Yapılan baskılara dayanamayarak ülkesinden göç etmek zorunda kalan çok sayıda Doğu Türkistanlı, yakınlarına yapılan baskı, hapis cezası, işkence gibi tazyiklerle geri dönüşe zorlanmakta, ülkeye geri dönüş yapan birçok insanın akıbeti bilinmemektedir.
2008 Olimpiyat Oyunlarının Çin de yapılacak olması nedeniyle, Çin'in insan hakları sicilinde meydana gelmesi beklenen iyileşmelerin, 2007 yılındaki uygulamalarla hayal kırıklığına dönüştüğü görülmüştür.
Ölüm cezasının halen tüm dünya ülkeleri toplamından fazla olduğu Çin'de, işkence ve süresi dört yıla kadar uzayabilen keyfi gözaltıların devam ettiği, yargılamada şeffaflık sağlanamadığı bilinmektedir. Düşünce ve ifadenin suç olmaya devam ettiği ülkede, internet ve telefon başta olmak üzere her çeşit iletişim aracı kısıtlanmakta ve haber alma hakkı engellenmektedir. Yerli-yabancı basın mensuplarının ve uluslar arası insan hakları örgütlerinin ülke içine girişinin ve serbest dolaşımının engellenmesi de ülkede insan hakları ihlallerinin artarak devam ettiği kanaatini güçlendirmektedir.
Yapılan gayri insani uygulamaların sadece Uygur Türkleriyle sınırlı kalmadığı, başta Tibetli Rahipler olmak üzere Çin Yönetimi tarafından dayatılan standartlara aykırılığı tespit edilen tüm etnik, dini ve siyasi unsurların baskı gördüğü, özgürlüklerinin kısıtlandığı bilinmektedir.

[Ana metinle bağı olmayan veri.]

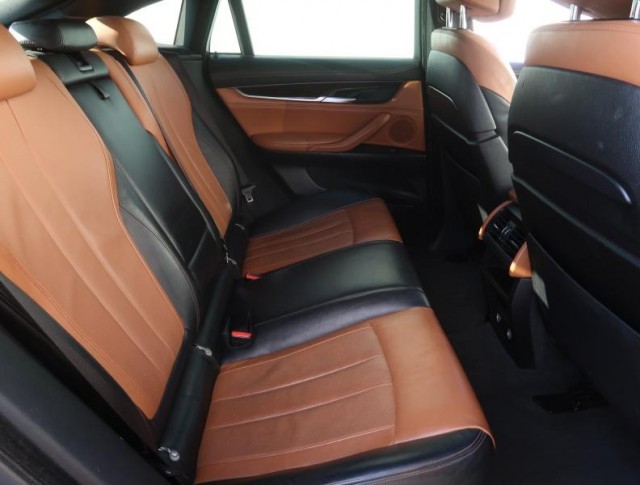 BMW X6  xDrive40d 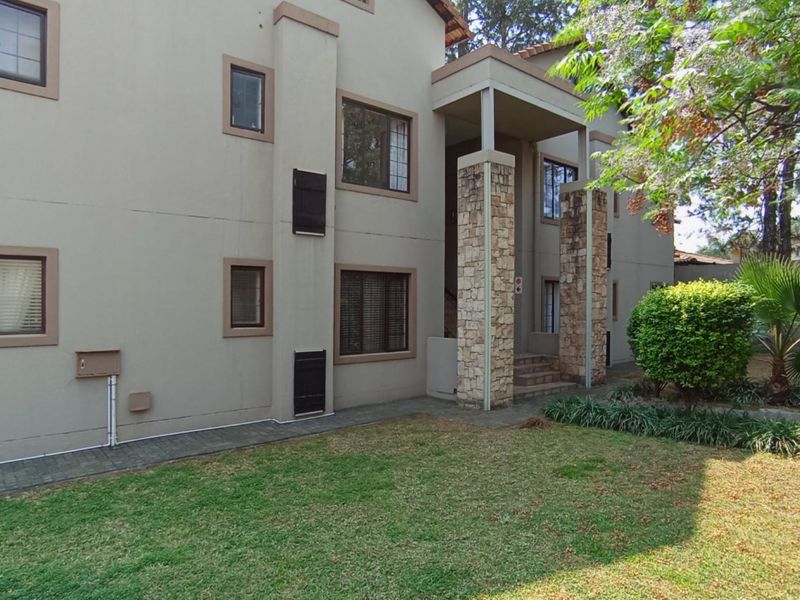 2 Bedroom Apartment for sale  in Lonehill - Photo 9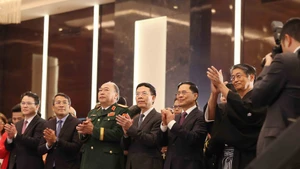 越南政府副总理裴青山以及各位代表出席招待会。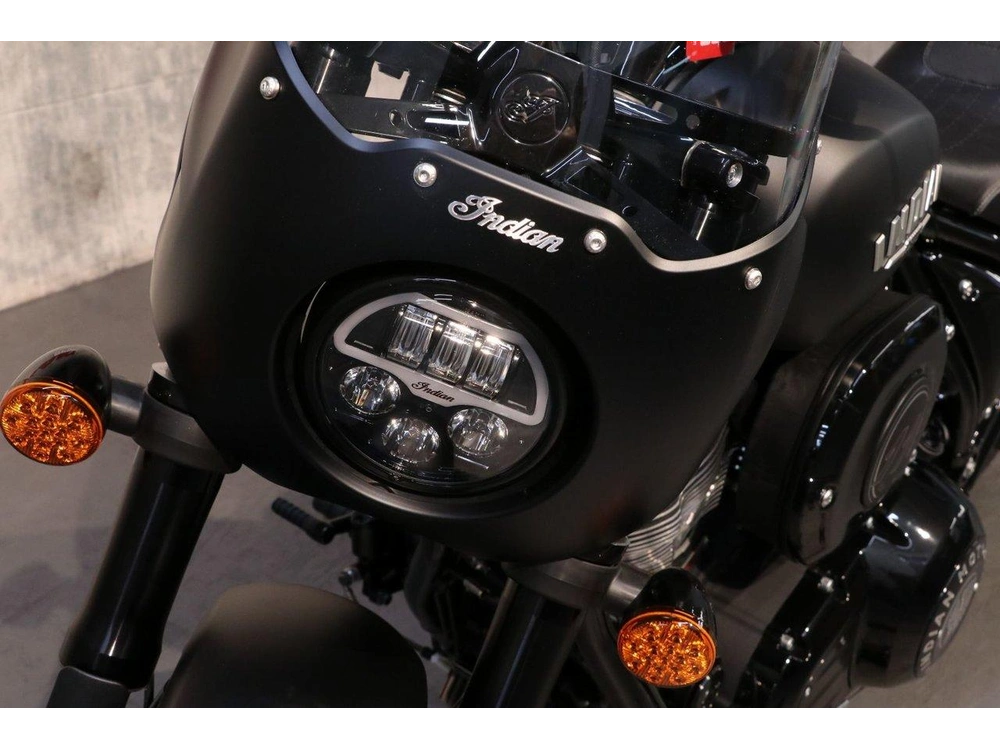 2025 Indian Motorcycle Indian Sport Chief alt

Son olarak 23 Mart 2008 tarihinde, Çin Yönetiminin gayri insani uygulamalarını protesto etmek için başlatılan yürüyüşe katıldıkları gerekçesiyle 600 Doğu Türkistanlı hanım gözaltına alınmış ve somut bir suç unsuru aranmaksızın 'ayrılıkçı gruplar' nitelemesiyle adil yargılama haklarından mahrum bir şeklide hapsedilmişlerdir.
Hapsedilen kişilerin ailelerinin bulunduğu mahallerin ablukaya alındığı ve telefonlarının kesildiği duyumu alınmıştır. Çin Yönetiminin, medya kuruluşları ve insan hakları örgütlerine sansür uygulamak suretiyle sağlıklı bilgiye erişimi engellemesi, olayların vehametini daha da arttırmakta özgürlüklerinden mahrum edilen kişilerle ilgili işkence ve yargısız infaz endişelerini haklı çıkarmaktadır.
Çin Yönetimi baskıcı politikalarından ve insan haklarına aykırı uygulamalarından ACİLEN vazgeçmelidir.
Birleşmiş Milletler ve Dışişleri Bakanlığı başta olmak üzere ilgili tüm birimleri, Çin Yönetimine uluslar arası kamu vicdanını yaralayan gayri insani politikalarını sonlandırıncaya kadar diplomatik, ekonomik ve siyasal ambargo uygulanması konularında gereğini yapmaya davet ederken, konunun takipçisi olacağımızı belirtiyoruz.